**WHAT TO DO:**
Nothing outside the range below should be printed. Output exactly the lines from the line with "Радиатор, охлаждение двигателя - 507522 NRF" to the line with "3 Light Bathroom", both included.

[Records from a dataset]
----------
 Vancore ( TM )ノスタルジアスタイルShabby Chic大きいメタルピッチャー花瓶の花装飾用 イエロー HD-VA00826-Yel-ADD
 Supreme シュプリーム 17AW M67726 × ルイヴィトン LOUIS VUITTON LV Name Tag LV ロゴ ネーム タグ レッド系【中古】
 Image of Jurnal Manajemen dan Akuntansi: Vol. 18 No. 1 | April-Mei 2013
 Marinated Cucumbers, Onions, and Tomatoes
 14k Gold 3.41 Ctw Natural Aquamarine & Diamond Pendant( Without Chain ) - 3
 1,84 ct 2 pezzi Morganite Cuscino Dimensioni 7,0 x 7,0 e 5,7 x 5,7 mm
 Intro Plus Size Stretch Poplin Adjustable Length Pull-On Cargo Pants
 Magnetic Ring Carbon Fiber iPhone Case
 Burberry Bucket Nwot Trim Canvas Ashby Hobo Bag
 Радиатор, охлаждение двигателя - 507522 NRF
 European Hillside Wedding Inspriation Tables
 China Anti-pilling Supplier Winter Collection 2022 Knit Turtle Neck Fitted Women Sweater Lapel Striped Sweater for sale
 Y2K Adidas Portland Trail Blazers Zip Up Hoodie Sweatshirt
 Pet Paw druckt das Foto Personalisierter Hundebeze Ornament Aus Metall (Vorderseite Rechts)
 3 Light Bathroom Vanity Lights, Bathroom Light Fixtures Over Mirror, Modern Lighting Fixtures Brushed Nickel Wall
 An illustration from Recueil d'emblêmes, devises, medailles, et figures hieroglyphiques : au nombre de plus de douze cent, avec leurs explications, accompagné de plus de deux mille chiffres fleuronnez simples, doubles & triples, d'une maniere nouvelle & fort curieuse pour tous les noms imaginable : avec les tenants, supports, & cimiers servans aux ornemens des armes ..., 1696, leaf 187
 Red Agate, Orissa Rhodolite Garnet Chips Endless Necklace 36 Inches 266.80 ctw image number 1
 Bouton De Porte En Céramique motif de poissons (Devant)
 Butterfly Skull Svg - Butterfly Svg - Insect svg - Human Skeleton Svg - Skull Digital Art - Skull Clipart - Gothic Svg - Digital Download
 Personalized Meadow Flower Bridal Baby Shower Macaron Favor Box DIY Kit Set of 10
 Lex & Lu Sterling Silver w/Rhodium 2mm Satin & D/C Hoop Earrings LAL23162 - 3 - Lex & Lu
----------
**WRITTEN REPLY:**
 Радиатор, охлаждение двигателя - 507522 NRF
 European Hillside Wedding Inspriation Tables
 China Anti-pilling Supplier Winter Collection 2022 Knit Turtle Neck Fitted Women Sweater Lapel Striped Sweater for sale
 Y2K Adidas Portland Trail Blazers Zip Up Hoodie Sweatshirt
 Pet Paw druckt das Foto Personalisierter Hundebeze Ornament Aus Metall (Vorderseite Rechts)
 3 Light Bathroom Vanity Lights, Bathroom Light Fixtures Over Mirror, Modern Lighting Fixtures Brushed Nickel Wall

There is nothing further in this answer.